> Description of the task
None of the pictures should appear; the lines from the line containing "Gaming Accessories Organizer" through the last line of the listing must be repeated exactly.

____

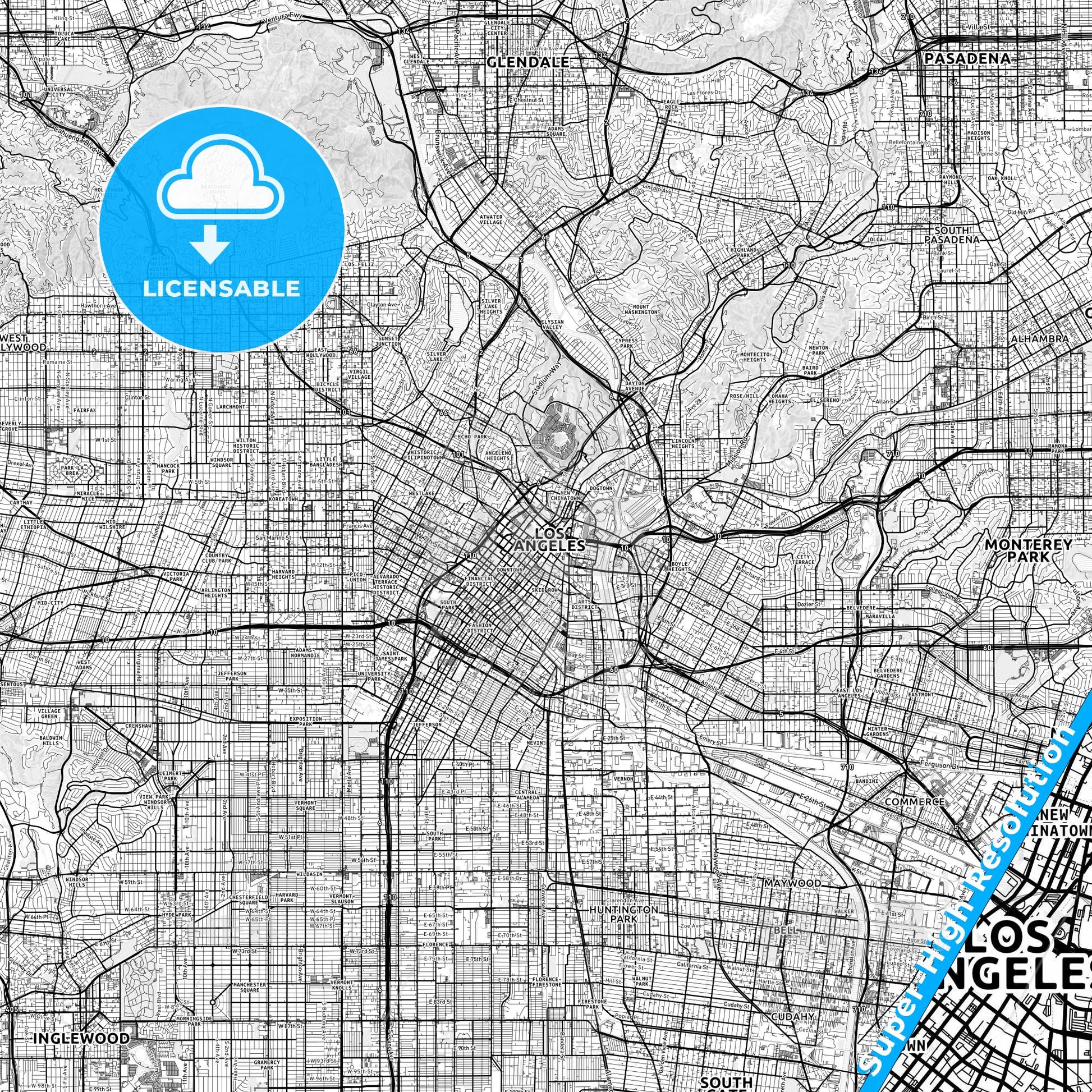 Los Angeles, California light map with streetnames, citynames and districts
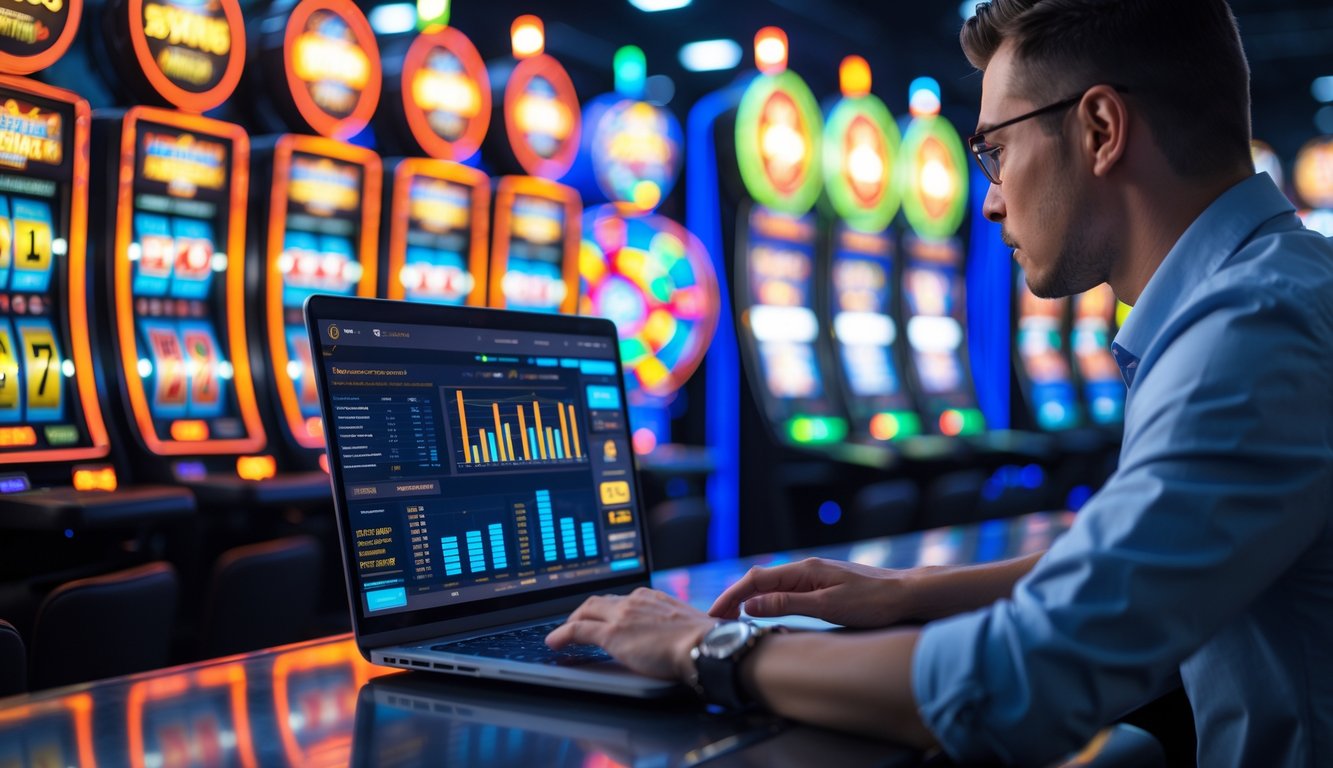 Seseorang sedang menganalisis data di laptop di depan mesin slot yang menyala di kasino.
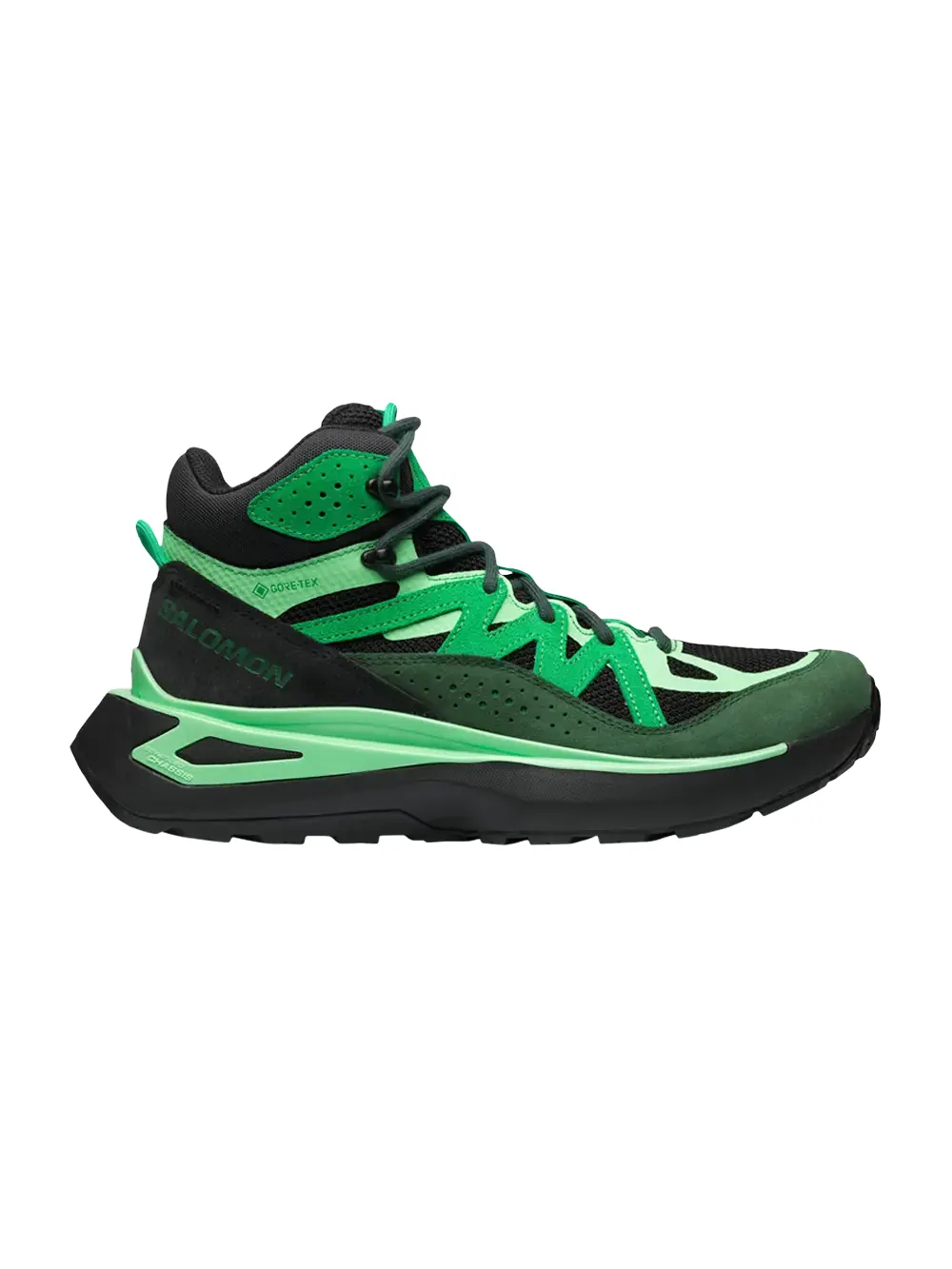 Кроссовки Odyssey ELMT Mid GORE-TEX Salomon — изображение 1 из 1, яркий зеленый/черный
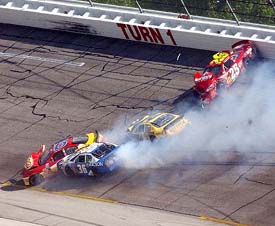 A multi-car accident during the NASCAR Busch Series Aaron's 312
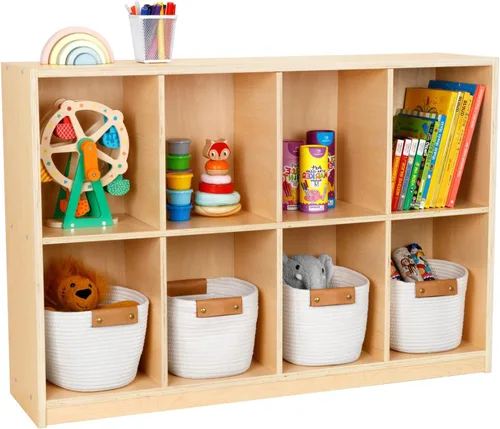 OOOK - Gabinete de almacenamiento de madera con 8 compartimentos en forma de mochila - Organizador de juguetes para niños - Estantería para aula,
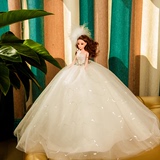 梦幻芭比娃娃婚纱摆件 3d仿真眼女孩公主玩具新娘闺蜜儿童节礼物
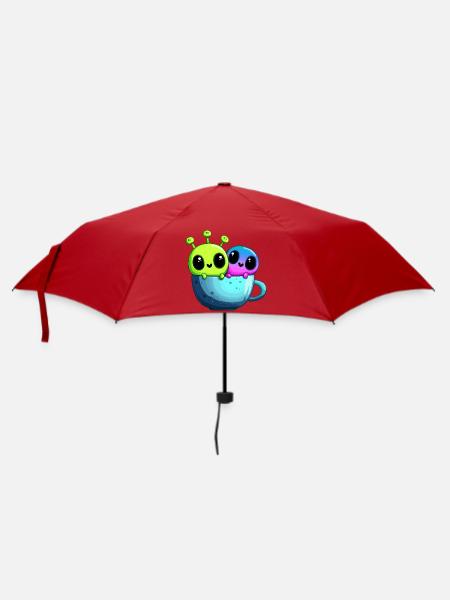 Kleines Alien-Paar in der Teetasse - Regenschirm (klein) - Rot
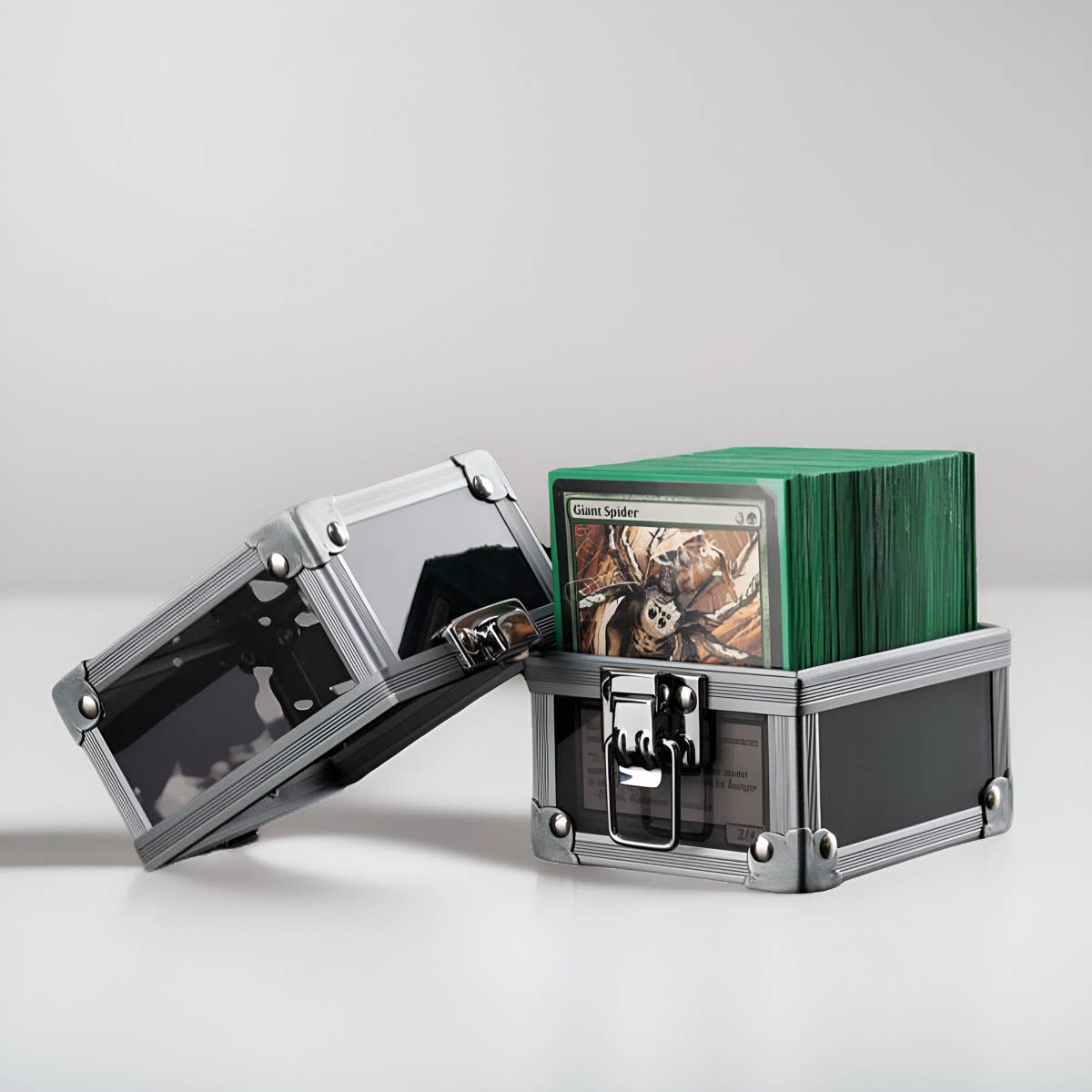 Gaming Accessories Organizer - กล่องเก็บการ์ดอะคริลิกใสแบบล้ำสมัย สองชั้น สีเทา ขนาดกะทัดรัด สำหรับจัดเก็บอุปกรณ์เสริมเกม TCG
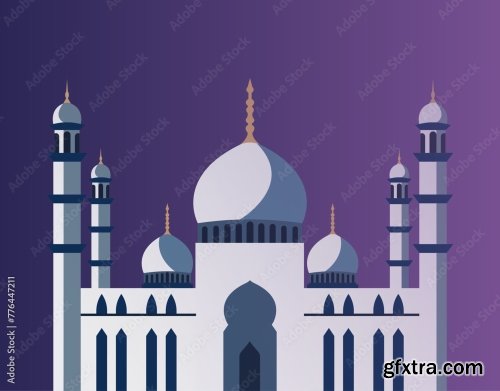 Islamic Mosque Exterior Building Flat Vector Design 6xAI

____

> Response below
 Gaming Accessories Organizer - กล่องเก็บการ์ดอะคริลิกใสแบบล้ำสมัย สองชั้น สีเทา ขนาดกะทัดรัด สำหรับจัดเก็บอุปกรณ์เสริมเกม TCG
 Islamic Mosque Exterior Building Flat Vector Design 6xAI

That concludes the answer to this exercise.